- **What you should do**: Would you please copy the part of the material below that opens with the line containing "CHANEL Bicolore Waist" and closes with the line containing "White beaded Badgely Mischka"? Copy it exactly, and only it.

- **The data**:
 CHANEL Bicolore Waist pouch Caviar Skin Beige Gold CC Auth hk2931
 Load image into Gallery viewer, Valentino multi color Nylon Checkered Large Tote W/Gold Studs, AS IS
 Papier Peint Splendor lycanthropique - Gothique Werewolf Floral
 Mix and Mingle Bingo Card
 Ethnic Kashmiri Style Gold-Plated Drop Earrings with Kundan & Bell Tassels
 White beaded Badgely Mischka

* * *

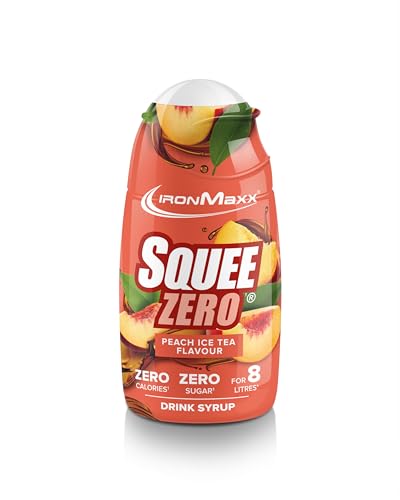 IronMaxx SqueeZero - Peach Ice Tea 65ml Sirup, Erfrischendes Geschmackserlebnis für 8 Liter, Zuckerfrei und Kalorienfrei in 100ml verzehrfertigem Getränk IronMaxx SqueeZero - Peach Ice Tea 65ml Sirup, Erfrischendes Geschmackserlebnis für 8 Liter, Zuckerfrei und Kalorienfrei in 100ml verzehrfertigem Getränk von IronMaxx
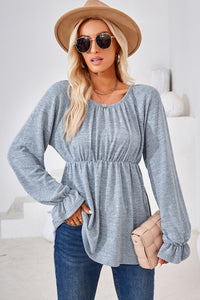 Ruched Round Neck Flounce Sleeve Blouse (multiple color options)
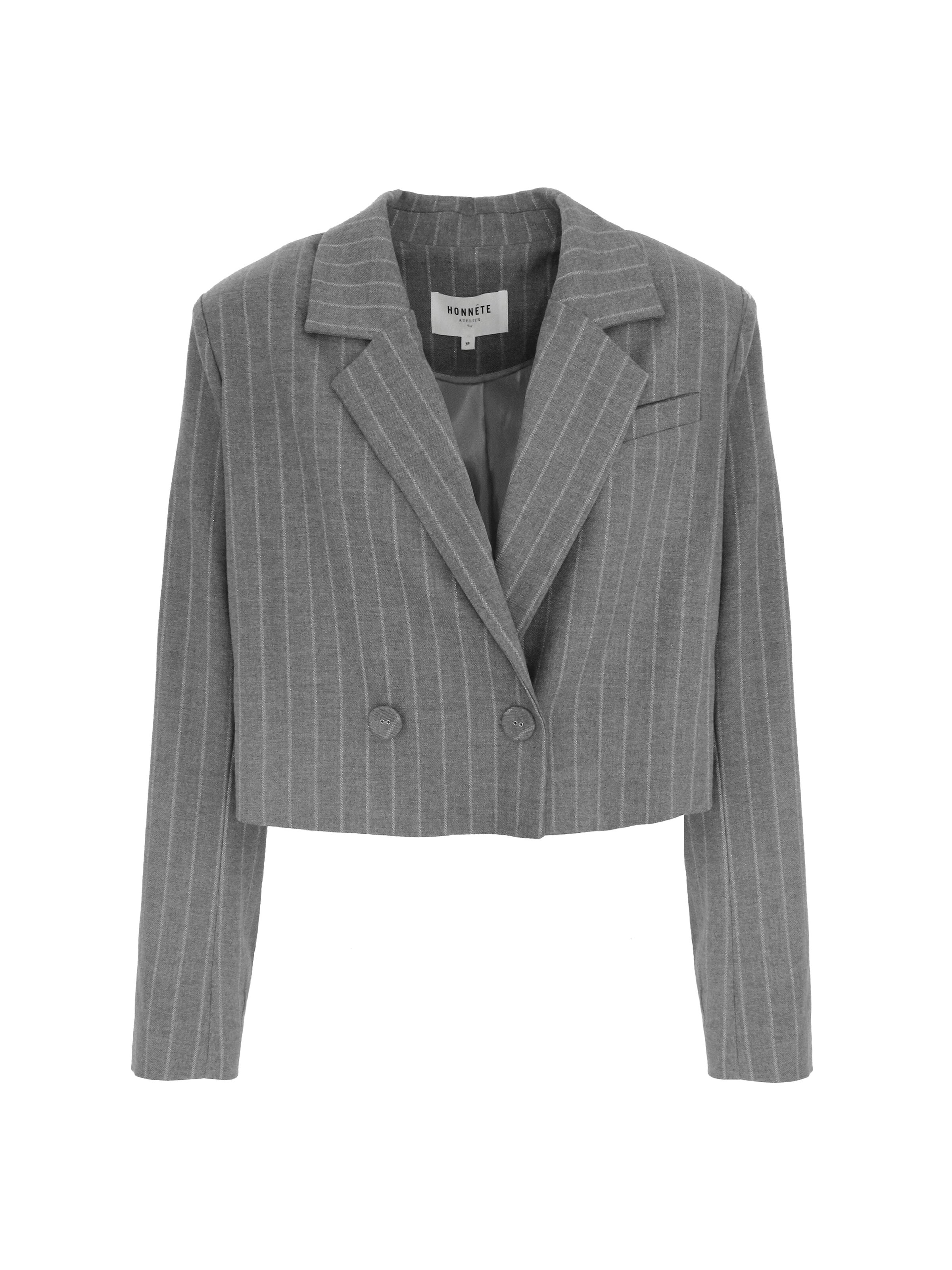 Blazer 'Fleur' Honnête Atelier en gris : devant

- **Problem solution**:
 CHANEL Bicolore Waist pouch Caviar Skin Beige Gold CC Auth hk2931
 Load image into Gallery viewer, Valentino multi color Nylon Checkered Large Tote W/Gold Studs, AS IS
 Papier Peint Splendor lycanthropique - Gothique Werewolf Floral
 Mix and Mingle Bingo Card
 Ethnic Kashmiri Style Gold-Plated Drop Earrings with Kundan & Bell Tassels
 White beaded Badgely Mischka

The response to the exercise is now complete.